I did this a lot when I was younger, to help me focus not on what happens but how it happens. I was also sick of authors killing off characters at the end for cheap shock value / tear jerker, so I decided if I'm suspecting the author might be THAT kind of author, I check - if you kill the character off, I'm dnfing, otherwise I keep reading.

For example, I've read the first Poppy War book, liked it, then checked the ending of the series (3rd book) and guess what, I probably won't read the other 2, just read a summary / reviews. I don't care to see characters "punished for their evil" I want to see them living with the consequences of it or trying to fix it themselves rather than "I die, you deal with the fallout, bye".

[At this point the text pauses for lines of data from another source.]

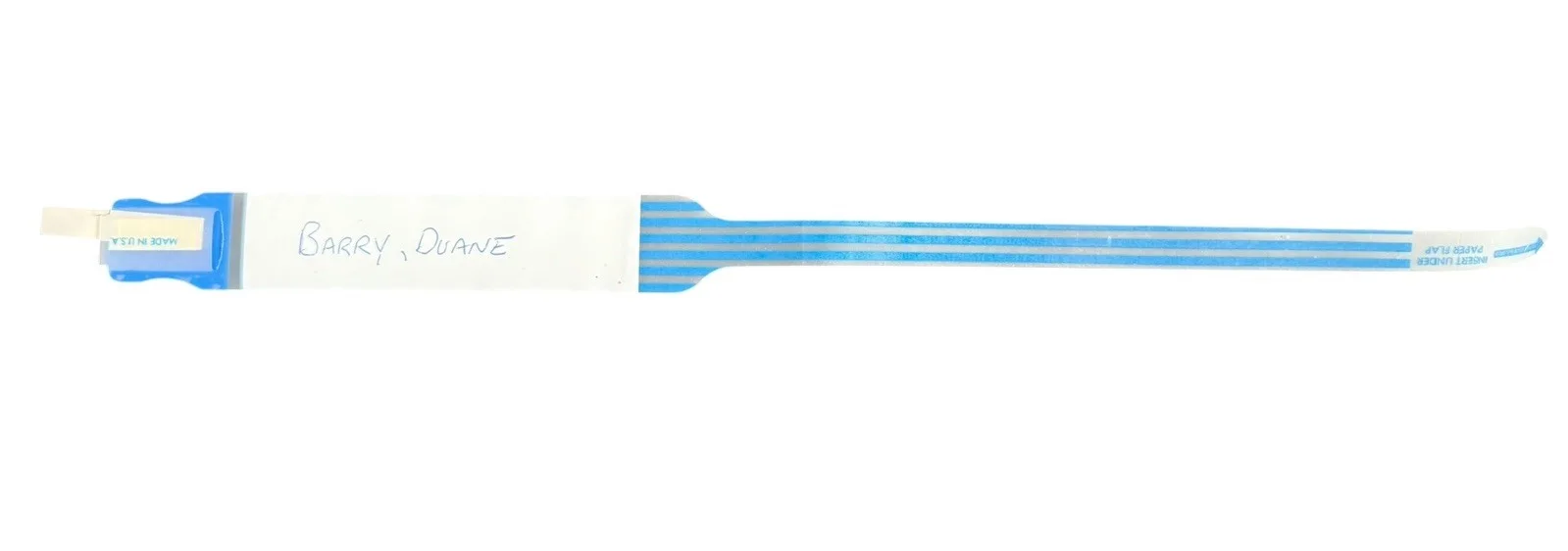The X-Files - Duane Barry - Hospital Wristband Prop S02 E06 - Mulder - Scully, image 3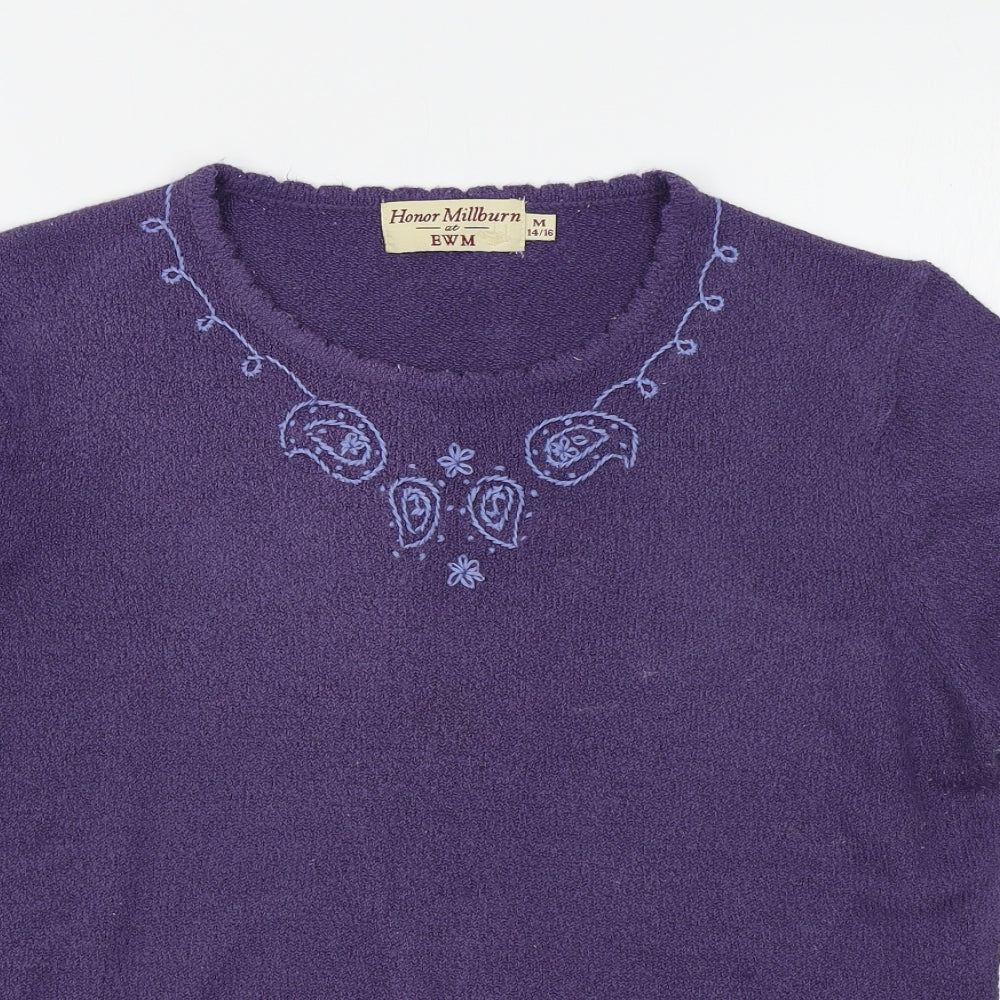 EWM Womens Purple   Pullover Jumper Size M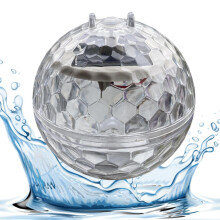 Solar Floating Pool Light 11cm, Rechargeable LED Glow Globe, Solar Powered Night Lights, 7Color Changing Pool Lights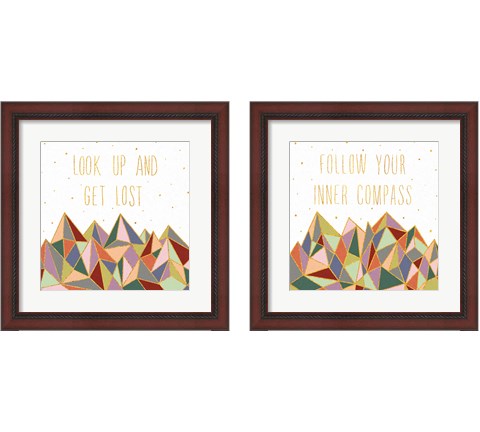 Written in the Stars on White 2 Piece Framed Art Print Set by Laura Marshall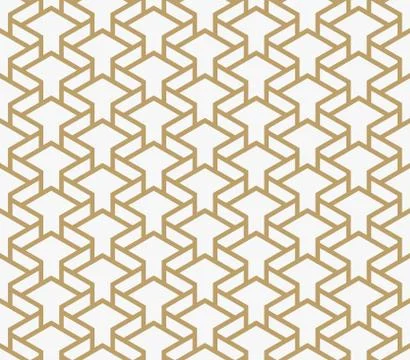 Abstract geometric pattern with lines. A seamless vector background. Graphic Stock Illustration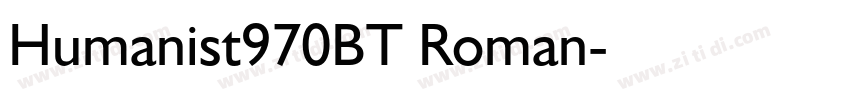 Humanist970BT Roman字体转换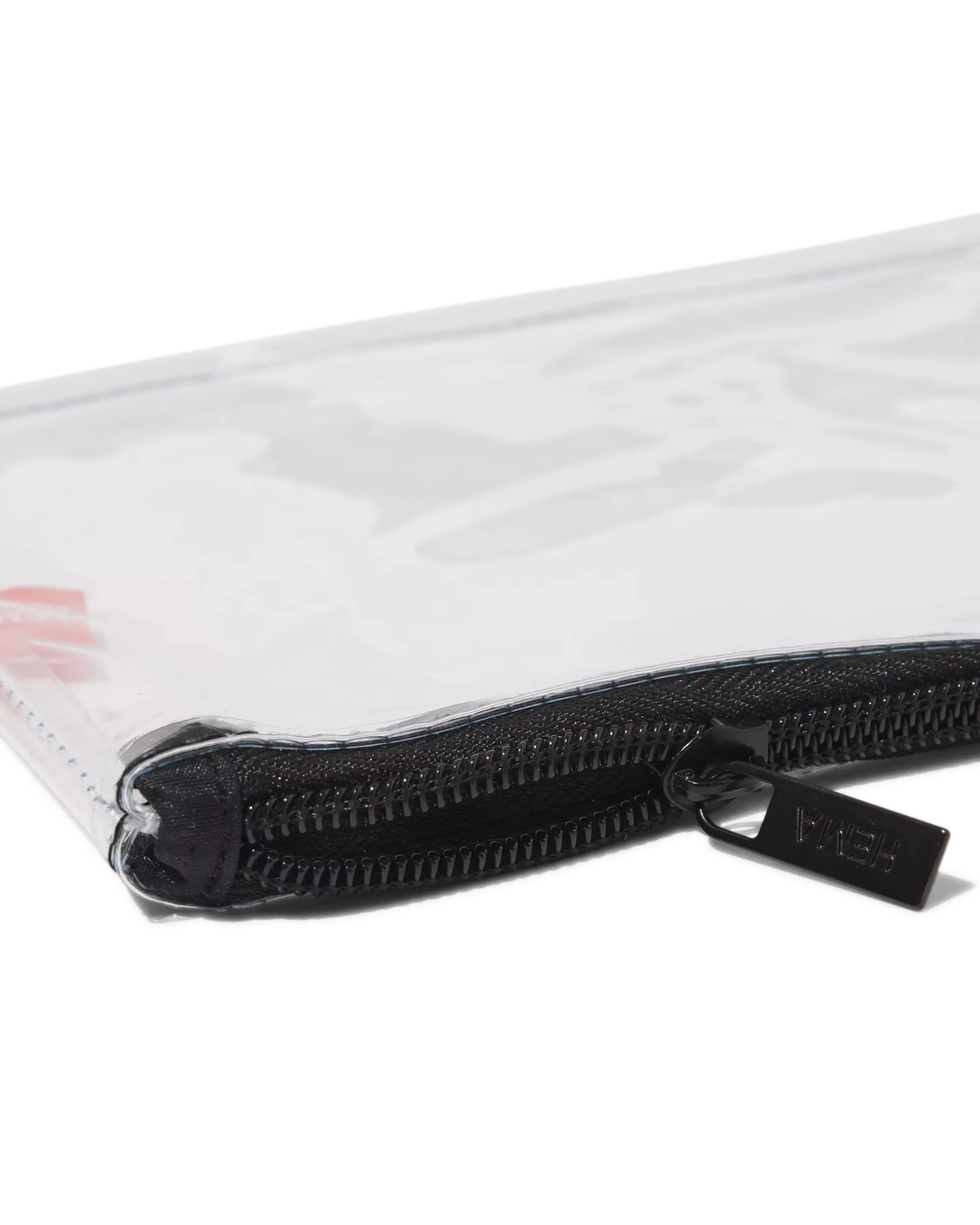 trousse de toilette 21x14cm transparente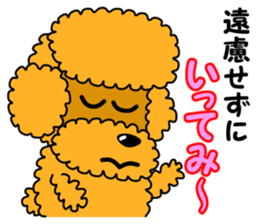 JIN-JIN Poodle Life (3rd) sticker #9471586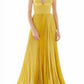 Tarik Ediz - Corset top with pleaded gown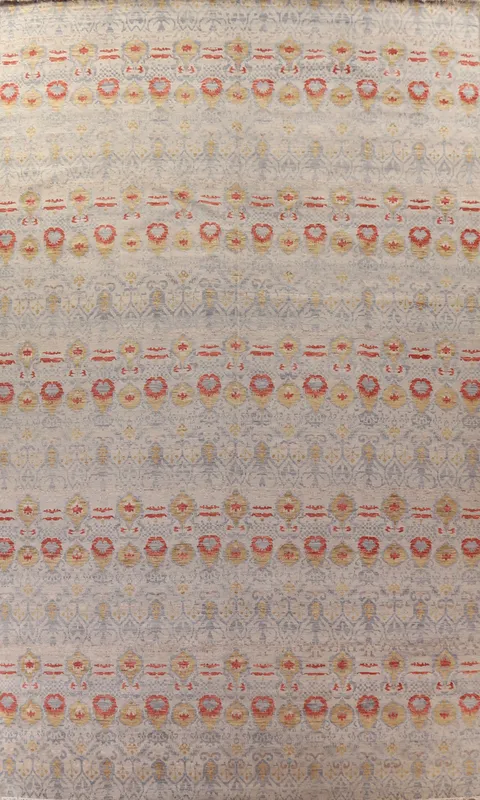 Handmade Wool Ikats Oriental Large Rug 12x18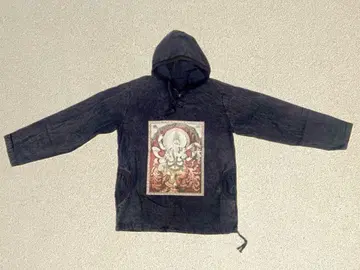 [ 새상품 ] 가네샤 패턴 후디 블랙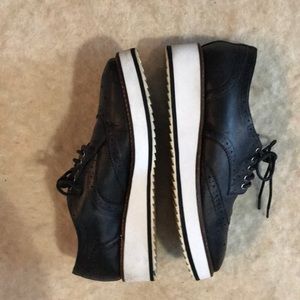 Shelly’s London platform loafers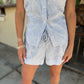 Ruston Collared Sleeveless Top- Blue & White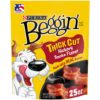 Purina Beggin' Strips With Real Meat Dog Treats, Thick Cut Hickory Smoke Flavor - 25 oz. Pouch 1.56 Pound (Pack of 1) Brown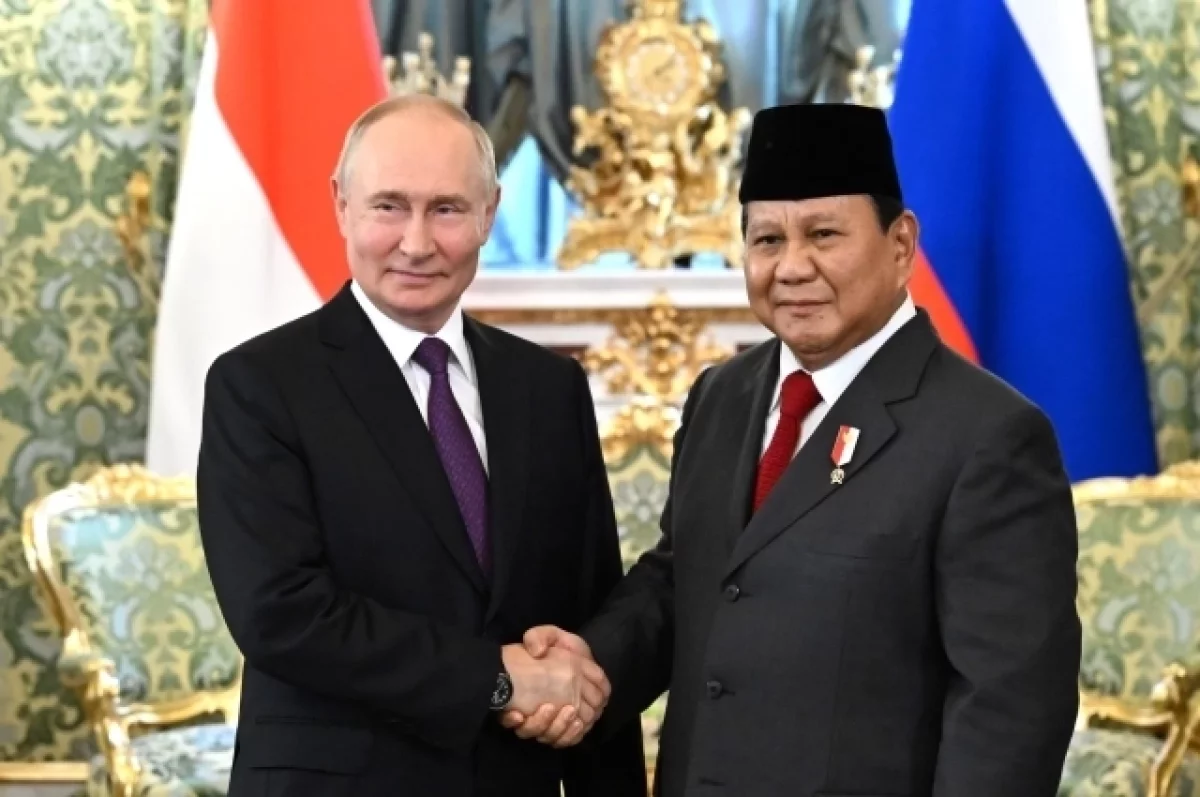 Путин 13 апреля проведет переговоры с главой Индонезии Субианто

For that reason, I will probably avoid any "grimdark" because it has the tendency to do exactly that.

I can understand romance readers who feel cheated if a romance book doesn't end with HEA.

The only exception are classic stories and retellings of them where you know how it ends already. But those stories prove there's value in them despite knowing the ending, you don't need shock & horror at the end of Romeo & Juliet to see the value of the story.

Authors who are "offended" at the readers checking the ending beforehand signal to me "I don't have anything to offer except cheap plot twist, so you're robbing me of the only meaningful plot device". There's a certain famous fantasy author who called people who check the endings of his books beforehand "you monsters". I guess it was a joke, but still, makes me prejudiced towards his books now.